Re: Interior stringers

From: james.posluns@utoronto.ca
Date: 10/14/2001
Time: 5:28:31 PM
Remote Name: 142.150.113.83

Comments

I have now removed, constructed and replaced the interior stringers on my boat and I must say, although time consuming, this was an easier job than I thought it was going to be. I removed the trim cap first and measured from the original joint forward of the companionway to just forward of the main bulkhead into the v-berth.
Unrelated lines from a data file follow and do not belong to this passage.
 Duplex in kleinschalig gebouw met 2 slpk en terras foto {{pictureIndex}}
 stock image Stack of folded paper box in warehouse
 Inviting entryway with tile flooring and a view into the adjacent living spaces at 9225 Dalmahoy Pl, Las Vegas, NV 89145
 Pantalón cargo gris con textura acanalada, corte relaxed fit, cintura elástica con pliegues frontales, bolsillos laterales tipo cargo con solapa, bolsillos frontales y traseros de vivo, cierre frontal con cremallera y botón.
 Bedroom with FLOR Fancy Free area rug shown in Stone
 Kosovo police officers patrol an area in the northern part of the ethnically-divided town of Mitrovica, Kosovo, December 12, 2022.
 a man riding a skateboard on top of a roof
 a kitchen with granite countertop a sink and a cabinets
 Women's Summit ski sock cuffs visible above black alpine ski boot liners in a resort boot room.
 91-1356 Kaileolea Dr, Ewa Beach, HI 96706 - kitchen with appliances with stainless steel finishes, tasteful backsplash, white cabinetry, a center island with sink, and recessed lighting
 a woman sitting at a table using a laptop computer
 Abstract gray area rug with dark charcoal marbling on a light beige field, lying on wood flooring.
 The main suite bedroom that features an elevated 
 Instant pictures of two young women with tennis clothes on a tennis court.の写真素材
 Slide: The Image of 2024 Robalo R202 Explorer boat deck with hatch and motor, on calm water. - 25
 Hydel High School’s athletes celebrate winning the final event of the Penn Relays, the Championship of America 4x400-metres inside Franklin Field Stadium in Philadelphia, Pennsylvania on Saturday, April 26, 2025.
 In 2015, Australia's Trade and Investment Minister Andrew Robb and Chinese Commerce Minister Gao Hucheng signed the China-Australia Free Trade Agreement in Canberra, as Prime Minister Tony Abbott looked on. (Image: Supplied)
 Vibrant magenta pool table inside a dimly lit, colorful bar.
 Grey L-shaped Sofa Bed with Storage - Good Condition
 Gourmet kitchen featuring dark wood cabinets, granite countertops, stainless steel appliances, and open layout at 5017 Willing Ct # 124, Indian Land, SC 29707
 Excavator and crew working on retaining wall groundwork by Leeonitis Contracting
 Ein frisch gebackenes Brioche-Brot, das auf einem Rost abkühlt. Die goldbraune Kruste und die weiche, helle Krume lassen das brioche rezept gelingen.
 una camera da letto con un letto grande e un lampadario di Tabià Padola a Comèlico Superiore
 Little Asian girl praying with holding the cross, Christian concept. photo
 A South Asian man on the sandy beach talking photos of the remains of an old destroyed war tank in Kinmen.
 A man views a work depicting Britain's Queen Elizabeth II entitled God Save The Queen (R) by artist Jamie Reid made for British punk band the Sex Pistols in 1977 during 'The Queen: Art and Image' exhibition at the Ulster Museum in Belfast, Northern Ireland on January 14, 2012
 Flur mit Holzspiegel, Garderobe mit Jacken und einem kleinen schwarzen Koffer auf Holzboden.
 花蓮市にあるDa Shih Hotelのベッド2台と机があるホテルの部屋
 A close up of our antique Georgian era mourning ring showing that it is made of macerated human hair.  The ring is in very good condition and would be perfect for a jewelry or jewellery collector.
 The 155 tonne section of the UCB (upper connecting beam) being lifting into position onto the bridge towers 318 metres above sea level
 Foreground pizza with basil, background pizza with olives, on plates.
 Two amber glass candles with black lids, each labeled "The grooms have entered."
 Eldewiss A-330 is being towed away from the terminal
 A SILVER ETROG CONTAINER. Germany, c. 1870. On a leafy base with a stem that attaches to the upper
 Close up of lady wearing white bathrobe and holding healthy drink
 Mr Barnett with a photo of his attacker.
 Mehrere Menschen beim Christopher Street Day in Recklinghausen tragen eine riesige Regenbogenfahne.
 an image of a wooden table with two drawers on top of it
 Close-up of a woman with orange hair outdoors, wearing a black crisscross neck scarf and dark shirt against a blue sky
I also measured every two inches along the stringer down to the hull to assess the depth and curvature of the hull. ( In hindsight, I also would have first marked a definitive line to measure from along the hull as this may have imporved the accuracy.) I then removed the nuts from the keelbolts and then the 3 cast U channels that secure the keel. Next, using a 7 dollar coarse cutting disk on my drill, a chisel, hammer and a bit of a jigsaw, I removed both stringers. Lots of dust, but by the second one, it came out in two big pieces. I cleaned up a bit and smoothed all rough edges. The boat was looking better already. Now it was off to Noah's in Toronto, where Rick is an amazing help. I bought a 4x8 sheet of 3/4 " light marine ply to make up the pieces. ( I have enough left over to build a cabinet for the kids mitts to boot!) and some fiberglass "tape" to redo the seam along with east system epoxy resin. I cut the pieces according to my measurements and faired the edge with a small hand plane starting approximately at the head of the quarterberth. I tried them in and after some fiddling they fit beautifully! I joined either end using 2" wide aluminum strapping from Metal Supermarkets ($7.00) and stainless steel bolts and washers. I epoxied the seams in place and have sealed all inside surfaces and edges with epoxy. I now have to grind and clean up the u channels, replace the keel bolts and trim caps, paint the bilge (Hinterholler Grey) and varnish the exposed surface of the stringer. I am also planning to replace the plywood floorboard with teak and holy. Nice! It may not make the boat any faster, but at least she looks good! Total cost of the project - Less than $400.00. Significant Improvement! If you see Lone Shark (709) at any regatts next year and are curious, please feel free to come on board to have a look.